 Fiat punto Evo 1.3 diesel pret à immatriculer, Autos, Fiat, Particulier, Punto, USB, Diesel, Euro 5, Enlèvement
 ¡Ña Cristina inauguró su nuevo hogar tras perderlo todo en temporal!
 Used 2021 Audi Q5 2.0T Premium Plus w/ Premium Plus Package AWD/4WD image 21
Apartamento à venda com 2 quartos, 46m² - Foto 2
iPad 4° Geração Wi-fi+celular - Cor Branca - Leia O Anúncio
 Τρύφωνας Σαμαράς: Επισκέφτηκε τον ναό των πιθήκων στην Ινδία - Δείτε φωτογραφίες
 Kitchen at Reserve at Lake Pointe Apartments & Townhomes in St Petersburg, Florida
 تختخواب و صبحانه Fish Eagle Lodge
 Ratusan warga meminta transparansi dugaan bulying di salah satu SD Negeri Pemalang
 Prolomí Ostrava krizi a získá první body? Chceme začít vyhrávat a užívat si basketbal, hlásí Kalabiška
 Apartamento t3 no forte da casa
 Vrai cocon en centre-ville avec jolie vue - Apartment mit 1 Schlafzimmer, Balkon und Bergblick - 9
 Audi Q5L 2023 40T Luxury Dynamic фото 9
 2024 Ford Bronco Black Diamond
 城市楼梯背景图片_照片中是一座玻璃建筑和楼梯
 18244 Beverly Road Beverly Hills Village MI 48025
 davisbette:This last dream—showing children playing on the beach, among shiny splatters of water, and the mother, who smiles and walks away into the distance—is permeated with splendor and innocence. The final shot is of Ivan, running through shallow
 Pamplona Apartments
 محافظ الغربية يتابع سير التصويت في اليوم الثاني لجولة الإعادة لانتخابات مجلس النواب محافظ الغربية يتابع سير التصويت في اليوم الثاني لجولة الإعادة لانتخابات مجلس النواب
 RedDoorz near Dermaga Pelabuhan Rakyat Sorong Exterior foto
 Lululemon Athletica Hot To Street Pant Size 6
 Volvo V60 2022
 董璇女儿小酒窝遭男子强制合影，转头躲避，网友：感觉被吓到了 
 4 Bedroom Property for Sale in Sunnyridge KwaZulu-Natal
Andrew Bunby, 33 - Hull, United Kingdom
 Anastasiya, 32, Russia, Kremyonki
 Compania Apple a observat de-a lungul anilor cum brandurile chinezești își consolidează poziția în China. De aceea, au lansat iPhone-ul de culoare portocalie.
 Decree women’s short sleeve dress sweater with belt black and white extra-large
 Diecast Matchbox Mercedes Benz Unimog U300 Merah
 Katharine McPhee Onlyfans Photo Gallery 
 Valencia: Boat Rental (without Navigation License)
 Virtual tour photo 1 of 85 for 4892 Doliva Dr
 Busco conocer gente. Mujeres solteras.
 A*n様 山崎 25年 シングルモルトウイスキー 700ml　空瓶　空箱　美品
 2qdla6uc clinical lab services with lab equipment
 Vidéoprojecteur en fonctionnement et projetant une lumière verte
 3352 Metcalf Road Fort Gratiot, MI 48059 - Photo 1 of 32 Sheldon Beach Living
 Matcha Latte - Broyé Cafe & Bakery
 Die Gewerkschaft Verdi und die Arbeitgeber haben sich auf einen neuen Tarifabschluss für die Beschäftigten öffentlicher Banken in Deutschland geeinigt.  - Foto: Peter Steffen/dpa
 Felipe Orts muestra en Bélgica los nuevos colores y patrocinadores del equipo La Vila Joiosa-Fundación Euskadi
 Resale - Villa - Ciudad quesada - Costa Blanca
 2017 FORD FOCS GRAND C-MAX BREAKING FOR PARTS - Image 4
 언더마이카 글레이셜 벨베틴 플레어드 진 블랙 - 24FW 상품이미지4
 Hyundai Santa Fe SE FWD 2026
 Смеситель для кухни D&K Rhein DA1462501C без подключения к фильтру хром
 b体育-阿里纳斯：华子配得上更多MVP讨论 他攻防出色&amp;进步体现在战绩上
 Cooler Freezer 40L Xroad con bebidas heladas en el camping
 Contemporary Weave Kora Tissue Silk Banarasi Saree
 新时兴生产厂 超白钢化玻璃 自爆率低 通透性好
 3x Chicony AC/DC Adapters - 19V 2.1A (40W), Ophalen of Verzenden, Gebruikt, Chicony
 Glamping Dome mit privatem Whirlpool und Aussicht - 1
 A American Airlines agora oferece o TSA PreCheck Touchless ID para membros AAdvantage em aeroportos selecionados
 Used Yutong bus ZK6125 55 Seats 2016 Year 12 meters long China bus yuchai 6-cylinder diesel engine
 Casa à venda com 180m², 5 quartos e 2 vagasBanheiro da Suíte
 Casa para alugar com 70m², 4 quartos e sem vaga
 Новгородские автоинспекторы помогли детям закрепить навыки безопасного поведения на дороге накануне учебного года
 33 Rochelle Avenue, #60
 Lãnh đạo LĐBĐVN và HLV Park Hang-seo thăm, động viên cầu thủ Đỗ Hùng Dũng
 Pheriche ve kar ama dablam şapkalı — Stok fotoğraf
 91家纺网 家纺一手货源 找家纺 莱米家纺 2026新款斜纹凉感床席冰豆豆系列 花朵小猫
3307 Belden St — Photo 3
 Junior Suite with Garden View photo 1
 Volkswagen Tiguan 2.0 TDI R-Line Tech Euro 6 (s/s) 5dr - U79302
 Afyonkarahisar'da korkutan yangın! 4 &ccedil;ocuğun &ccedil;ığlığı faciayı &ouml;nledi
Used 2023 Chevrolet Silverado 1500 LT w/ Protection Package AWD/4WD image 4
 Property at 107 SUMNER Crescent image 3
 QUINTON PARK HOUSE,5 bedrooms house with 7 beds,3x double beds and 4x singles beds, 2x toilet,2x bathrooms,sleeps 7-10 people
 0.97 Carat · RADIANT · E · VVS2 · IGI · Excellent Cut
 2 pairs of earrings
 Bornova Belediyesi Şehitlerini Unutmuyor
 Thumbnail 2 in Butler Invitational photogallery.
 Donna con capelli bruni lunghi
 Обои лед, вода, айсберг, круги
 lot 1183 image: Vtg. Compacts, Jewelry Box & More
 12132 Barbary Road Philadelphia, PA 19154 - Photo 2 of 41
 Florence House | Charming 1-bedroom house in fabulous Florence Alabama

> [ABOUT THIS TASK] The complete material above is to be retyped word for word.

> [SOLUTION FOR THIS PROBLEM]
 Fiat punto Evo 1.3 diesel pret à immatriculer, Autos, Fiat, Particulier, Punto, USB, Diesel, Euro 5, Enlèvement
 ¡Ña Cristina inauguró su nuevo hogar tras perderlo todo en temporal!
 Used 2021 Audi Q5 2.0T Premium Plus w/ Premium Plus Package AWD/4WD image 21
Apartamento à venda com 2 quartos, 46m² - Foto 2
iPad 4° Geração Wi-fi+celular - Cor Branca - Leia O Anúncio
 Τρύφωνας Σαμαράς: Επισκέφτηκε τον ναό των πιθήκων στην Ινδία - Δείτε φωτογραφίες
 Kitchen at Reserve at Lake Pointe Apartments & Townhomes in St Petersburg, Florida
 تختخواب و صبحانه Fish Eagle Lodge
 Ratusan warga meminta transparansi dugaan bulying di salah satu SD Negeri Pemalang
 Prolomí Ostrava krizi a získá první body? Chceme začít vyhrávat a užívat si basketbal, hlásí Kalabiška
 Apartamento t3 no forte da casa
 Vrai cocon en centre-ville avec jolie vue - Apartment mit 1 Schlafzimmer, Balkon und Bergblick - 9
 Audi Q5L 2023 40T Luxury Dynamic фото 9
 2024 Ford Bronco Black Diamond
 城市楼梯背景图片_照片中是一座玻璃建筑和楼梯
 18244 Beverly Road Beverly Hills Village MI 48025
 davisbette:This last dream—showing children playing on the beach, among shiny splatters of water, and the mother, who smiles and walks away into the distance—is permeated with splendor and innocence. The final shot is of Ivan, running through shallow
 Pamplona Apartments
 محافظ الغربية يتابع سير التصويت في اليوم الثاني لجولة الإعادة لانتخابات مجلس النواب محافظ الغربية يتابع سير التصويت في اليوم الثاني لجولة الإعادة لانتخابات مجلس النواب
 RedDoorz near Dermaga Pelabuhan Rakyat Sorong Exterior foto
 Lululemon Athletica Hot To Street Pant Size 6
 Volvo V60 2022
 董璇女儿小酒窝遭男子强制合影，转头躲避，网友：感觉被吓到了 
 4 Bedroom Property for Sale in Sunnyridge KwaZulu-Natal
Andrew Bunby, 33 - Hull, United Kingdom
 Anastasiya, 32, Russia, Kremyonki
 Compania Apple a observat de-a lungul anilor cum brandurile chinezești își consolidează poziția în China. De aceea, au lansat iPhone-ul de culoare portocalie.
 Decree women’s short sleeve dress sweater with belt black and white extra-large
 Diecast Matchbox Mercedes Benz Unimog U300 Merah
 Katharine McPhee Onlyfans Photo Gallery 
 Valencia: Boat Rental (without Navigation License)
 Virtual tour photo 1 of 85 for 4892 Doliva Dr
 Busco conocer gente. Mujeres solteras.
 A*n様 山崎 25年 シングルモルトウイスキー 700ml　空瓶　空箱　美品
 2qdla6uc clinical lab services with lab equipment
 Vidéoprojecteur en fonctionnement et projetant une lumière verte
 3352 Metcalf Road Fort Gratiot, MI 48059 - Photo 1 of 32 Sheldon Beach Living
 Matcha Latte - Broyé Cafe & Bakery
 Die Gewerkschaft Verdi und die Arbeitgeber haben sich auf einen neuen Tarifabschluss für die Beschäftigten öffentlicher Banken in Deutschland geeinigt.  - Foto: Peter Steffen/dpa
 Felipe Orts muestra en Bélgica los nuevos colores y patrocinadores del equipo La Vila Joiosa-Fundación Euskadi
 Resale - Villa - Ciudad quesada - Costa Blanca
 2017 FORD FOCS GRAND C-MAX BREAKING FOR PARTS - Image 4
 언더마이카 글레이셜 벨베틴 플레어드 진 블랙 - 24FW 상품이미지4
 Hyundai Santa Fe SE FWD 2026
 Смеситель для кухни D&K Rhein DA1462501C без подключения к фильтру хром
 b体育-阿里纳斯：华子配得上更多MVP讨论 他攻防出色&amp;进步体现在战绩上
 Cooler Freezer 40L Xroad con bebidas heladas en el camping
 Contemporary Weave Kora Tissue Silk Banarasi Saree
 新时兴生产厂 超白钢化玻璃 自爆率低 通透性好
 3x Chicony AC/DC Adapters - 19V 2.1A (40W), Ophalen of Verzenden, Gebruikt, Chicony
 Glamping Dome mit privatem Whirlpool und Aussicht - 1
 A American Airlines agora oferece o TSA PreCheck Touchless ID para membros AAdvantage em aeroportos selecionados
 Used Yutong bus ZK6125 55 Seats 2016 Year 12 meters long China bus yuchai 6-cylinder diesel engine
 Casa à venda com 180m², 5 quartos e 2 vagasBanheiro da Suíte
 Casa para alugar com 70m², 4 quartos e sem vaga
 Новгородские автоинспекторы помогли детям закрепить навыки безопасного поведения на дороге накануне учебного года
 33 Rochelle Avenue, #60
 Lãnh đạo LĐBĐVN và HLV Park Hang-seo thăm, động viên cầu thủ Đỗ Hùng Dũng
 Pheriche ve kar ama dablam şapkalı — Stok fotoğraf
 91家纺网 家纺一手货源 找家纺 莱米家纺 2026新款斜纹凉感床席冰豆豆系列 花朵小猫
3307 Belden St — Photo 3
 Junior Suite with Garden View photo 1
 Volkswagen Tiguan 2.0 TDI R-Line Tech Euro 6 (s/s) 5dr - U79302
 Afyonkarahisar'da korkutan yangın! 4 &ccedil;ocuğun &ccedil;ığlığı faciayı &ouml;nledi
Used 2023 Chevrolet Silverado 1500 LT w/ Protection Package AWD/4WD image 4
 Property at 107 SUMNER Crescent image 3
 QUINTON PARK HOUSE,5 bedrooms house with 7 beds,3x double beds and 4x singles beds, 2x toilet,2x bathrooms,sleeps 7-10 people
 0.97 Carat · RADIANT · E · VVS2 · IGI · Excellent Cut
 2 pairs of earrings
 Bornova Belediyesi Şehitlerini Unutmuyor
 Thumbnail 2 in Butler Invitational photogallery.
 Donna con capelli bruni lunghi
 Обои лед, вода, айсберг, круги
 lot 1183 image: Vtg. Compacts, Jewelry Box & More
 12132 Barbary Road Philadelphia, PA 19154 - Photo 2 of 41
 Florence House | Charming 1-bedroom house in fabulous Florence Alabama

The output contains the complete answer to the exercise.